The relationship of stress to health is compounded when we learn we have a serious disorder. Say you’re told you have breast cancer. You are no longer Jane Smith. Suddenly, you’re Jane Smith, breast cancer patient, and that adjustment of the image of who you are leads to the fight-or-flight, or stress response, which leads to those hormones. Frequently, the symptoms present early in many disorders come not from the disease itself, but from our adjustment to the disease. The 60 to 90 percent of stress-related doctor visits that sounds so outrageously high when you first hear it, starts to make much more sense.

Harris: When you also think about all the everyday things that happen that put us under stress—not just life-threatening diseases, which we can obviously understand would be stressful—but sitting in a traffic jam, waiting in a long line, being impatient for any number of reasons. It sounds as if we deal with this over and over every day without necessarily thinking that it’s stress that we’re experiencing.

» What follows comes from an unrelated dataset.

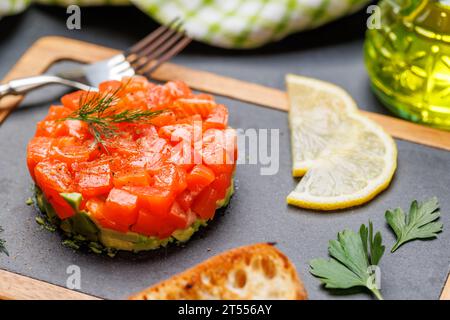 Deliziosa tartare di salmone e avocado a bordo Foto Stock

Benson: Exactly.  Humans have always been under stress. There’s always been famine, pestilence, and Huns on the horizon—interpersonal problems, male/female problems, have always been there. But what’s different about modern-day life is the sheer amount of information and number of circumstances to which we have to adjust. Remember, stress comes from any situation that requires behavioral adjustment. Look at what’s happened in the workplace. Traditionally, women would be at home, and men at the workplace.  Now women are juggling two careers. Look at what the electronic age has done to us.  Within seconds, we know of a plane going down. We know of a revolution halfway around the world. Couple that with the Internet, and the amount of information to which we now have to adjust is overwhelming. We are eliciting the fight-or-flight response repeatedly, not only with respect to health but also in our everyday lives, and this frequently leads to symptoms.

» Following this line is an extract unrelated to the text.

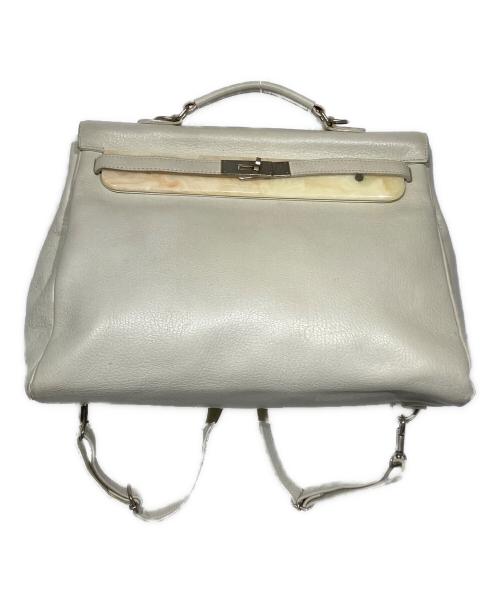 Jean Paul GAULTIER（ジャンポールゴルチェ）Jean Paul GAULTIER (ジャンポールゴルチェ) マルチウェイ ショルダーバッグ ホワイトの古着・服飾アイテム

Harris: Dr. Benson, you’ve written that humans are ‘wired for God,’ as you put it. How so?

Benson: Our brains remember certain things, and those memories are wirings. They are highly complex nerve connections. Memories are such connections, but as humans, we are also wired for certain basic aspects of survival, some of which are innate, some of which are learned. We’re wired for fear of heights, and we’re also wired to learn to walk, to learn to talk, to learn to control our bowels, and to put thoughts together. Now, we are the most intelligent species on Earth.  We are the only species that knows, for example, that we’re going to die and know of it early.  From childhood, we know that death is part of things. That’s not good for us from an evolutionary point of view.  Why go on?  Why have children. I’m only going to die. Why put them through the suffering?  The moment I’m born is the moment I’m going to start passing away. It’s fascinating that every single culture of humans that has ever written, going back thousands of years, has believed in something more, that there is something after we pass away, that there’s another world, and that there are powers, forces, energies out there with which we can communicate. Just as we’re wired for certain fears and certain learning capabilities, so it appears we are also wired to believe in something more.  We are wired for God, and that’s good for us.

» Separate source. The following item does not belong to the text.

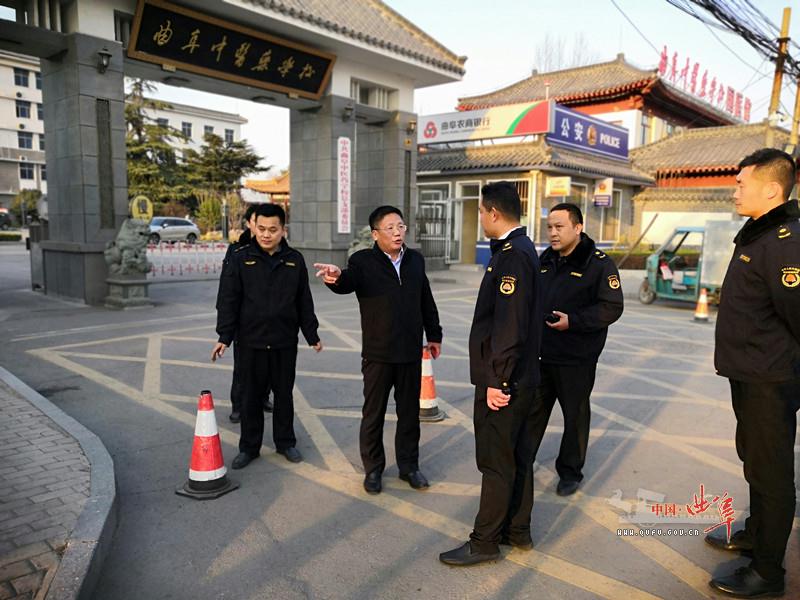 曲阜市综合行政执法局整治占道经营净化市容市貌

Meditation is not an evasion. It is a serene encounter with reality.—Thicht Nhat Hanh, Zen Master


Meditation, or the relaxation response, is a state of deep calm that results in a decrease in breathing, blood pressure, metabolism, and muscle tension.  That state can be achieved by practicing two basic principles of meditation: 

  • Repetition of a sound, phrase, or motion
  • Passively disregarding your thought

You can meditate sitting on the floor or in a chair, or lying down, and while walking, jogging, swimming, gardening or doing yoga.  What’s important is focusing your mind on the repetition of a sound or movement, and letting your thoughts go by without judgment. Studies have shown that practicing this simple form of meditation for at least 10 minutes each day can help many people protect against or alleviate anxiety and depression, headaches, heart rhythm disturbances, high blood pressure, PMS, and insomnia.